Vickers continues: “We are not looking to size any large anti-tank mines or large pieces of metal. So, when the metal detector spots a large lump of metal, it immediately stops the feeder. Alarms on the rig and via a remote control notify somebody that there has been metal detected.”
When it comes to personnel, a shift team would include a minimum of six, including a supervisor, sizer operator, two plant operators and two deminers. The HALO Trust was clear during the design process that it didn’t want anyone within 50m when operating (unlike the artist’s impression pictured above).

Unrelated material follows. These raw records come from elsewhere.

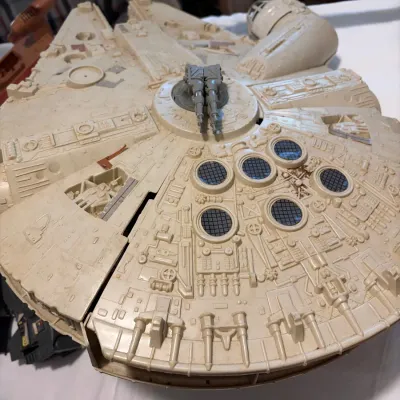 Vintage Kenner Star Wars Millennium Falcon vehicle play set, circa late 1970s to early 1980s, showing some age-related discoloration and...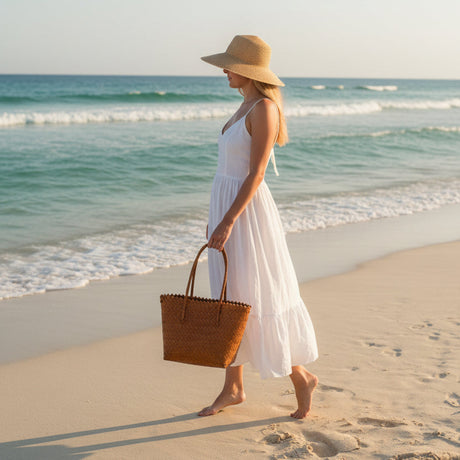 Woman in a white dress and hat walking on a beach with a woven bag.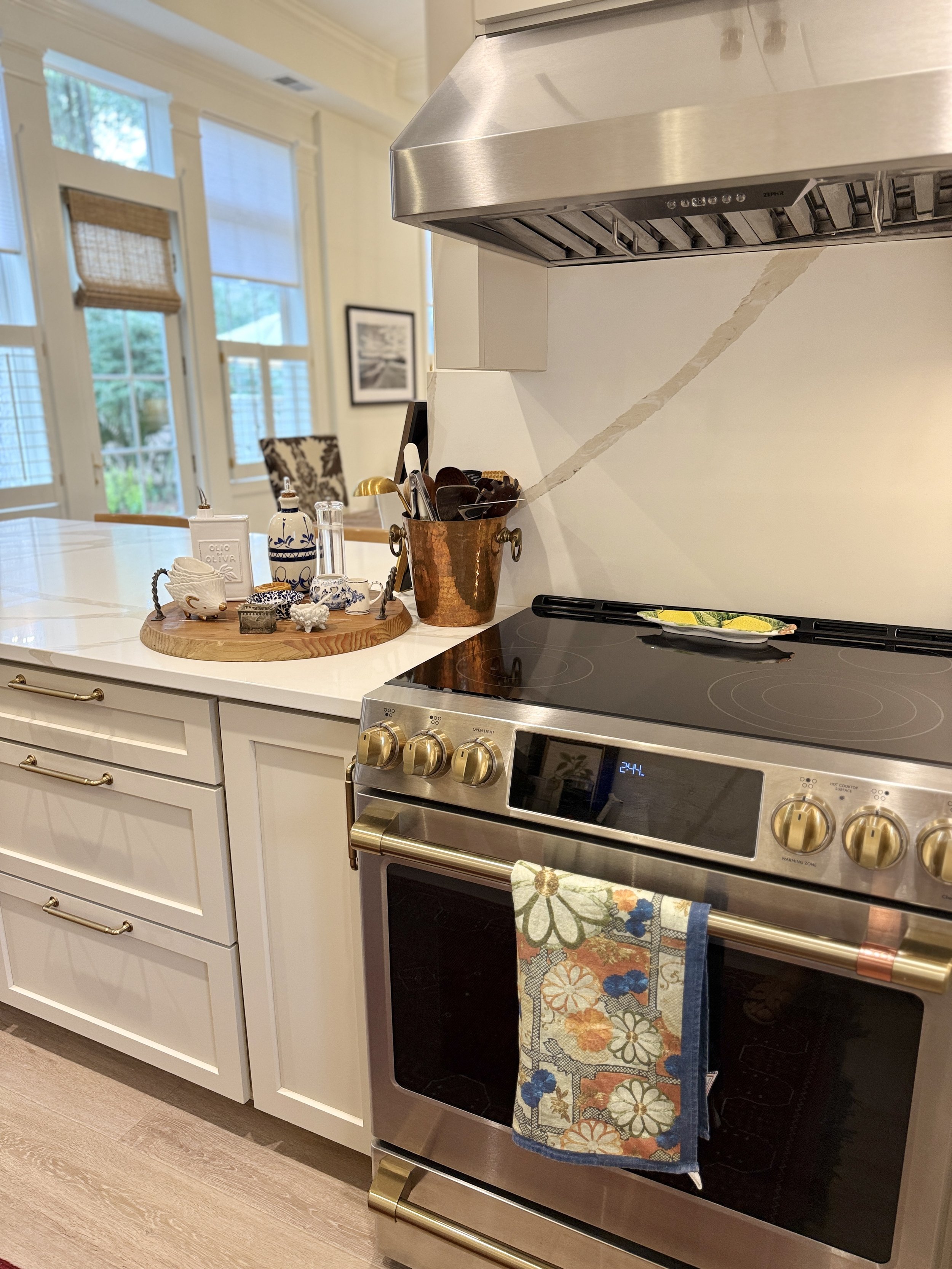 A modern kitchen with white cabinets, a black cooktop, a stainless steel oven, and a decorative towel hanging from the oven handle. There are various kitchen items on a wooden tray and a copper container on the countertop. In the background, large wi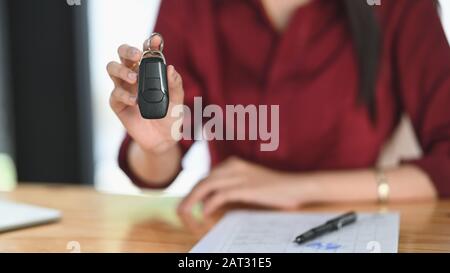 Scatto corto di ragazza di fiducia giovane sorridente e che mostra la chiave mentre sedendosi alla scrivania nell'ufficio moderno. Foto Stock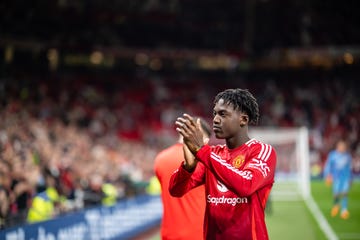 kobbie mainoo applauds manchester united fans as he walks along the side of the pitch after a football match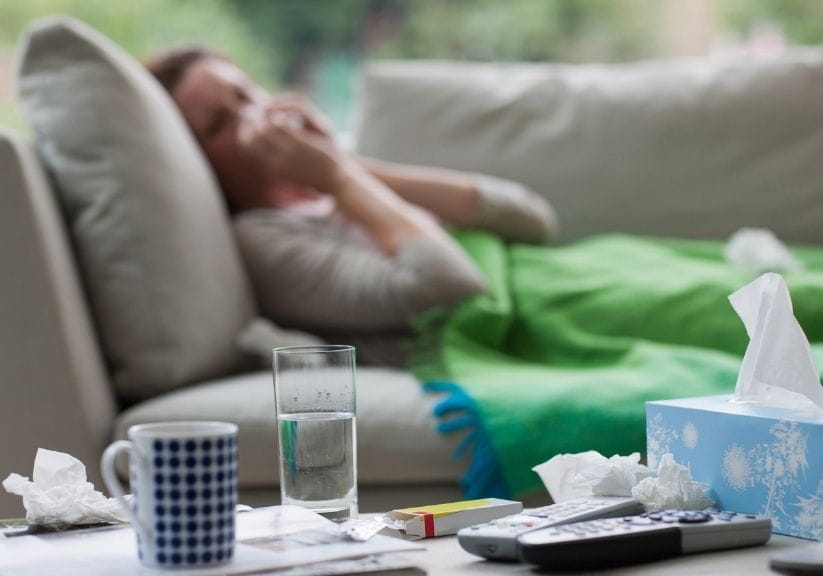 A woman ill with flu on her sofa with a box of tissues on the table in front of her
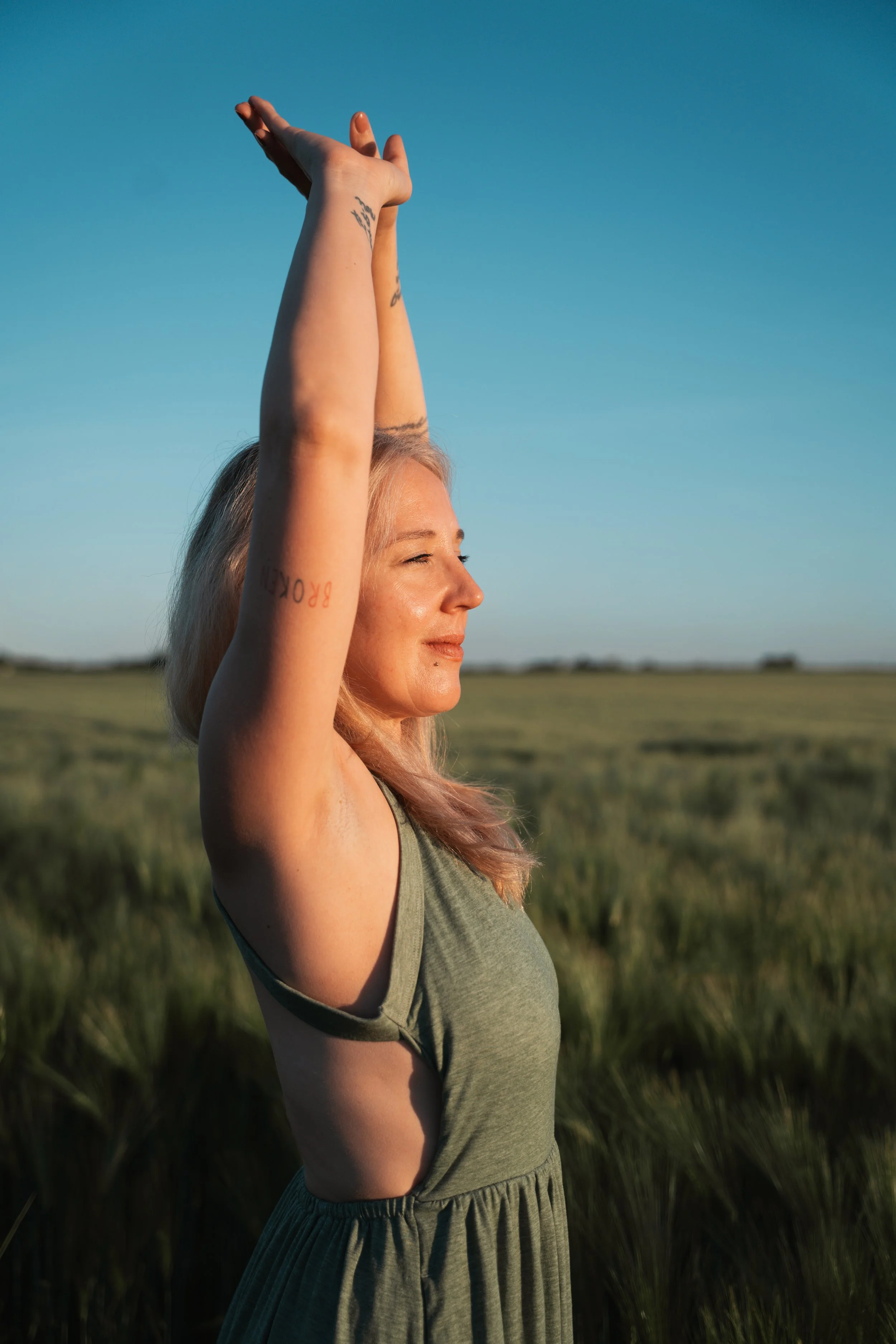 Eine junge Frau mit blondem Haar steht in einem offenen Feld bei Sonnenuntergang, hebt die Arme über den Kopf und macht eine Yoga-Pose, während sie die Augen schließt.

The design team at MMD therefore developed a remote control, which has a TV screen built in, so that operators can monitor the rig from a safe distance. If the metal detector goes off, operators can use the CCTV system to inspect the belt feeder.
“At that point, they can either discharge the material by reversing the feeder, requiring specialist manual disposal, or they can say, ‘no, it’s a false alarm’, and start the feeder up again. The whole point of the screen is to carry out a visual investigation before they make a decision on whether to approach the rig,” adds Vickers.
ABB provided two 37 kW four-pole, flange-mounted motors to drive the sizers, which can withstand up to 5g of force, and a variable speed drive to regulate the speed of the conveyor that feeds material into the rig (https://is.gd/iwucol). Westbury Controls helped to develop, engineer and build a control system for the rig (https://is.gd/ovomur), alongside contributions from Siemens and Conveyor Units.
Once the testing, design and development stages were completed, manufacturing, fabrication and build took place at MMD’s site in Derbyshire. Withers says MMD has invested an enormous amount of engineering expertise to customise the ‘350 Series’ sizers, which were “designed purely and simply for this project”. In particular, the sizer’s tooth profile and shafts were specifically created to ensure that no mines could pass through the rig without being destroyed.
“It’s a completely new avenue for us – the project was born out of a simple phone call from The HALO Trust, to see whether our sizers could help where their impact crushers were failing,” Withers explains. “However, we have also now sold the 350 machines into normal mining production systems, but the main development was for this project.”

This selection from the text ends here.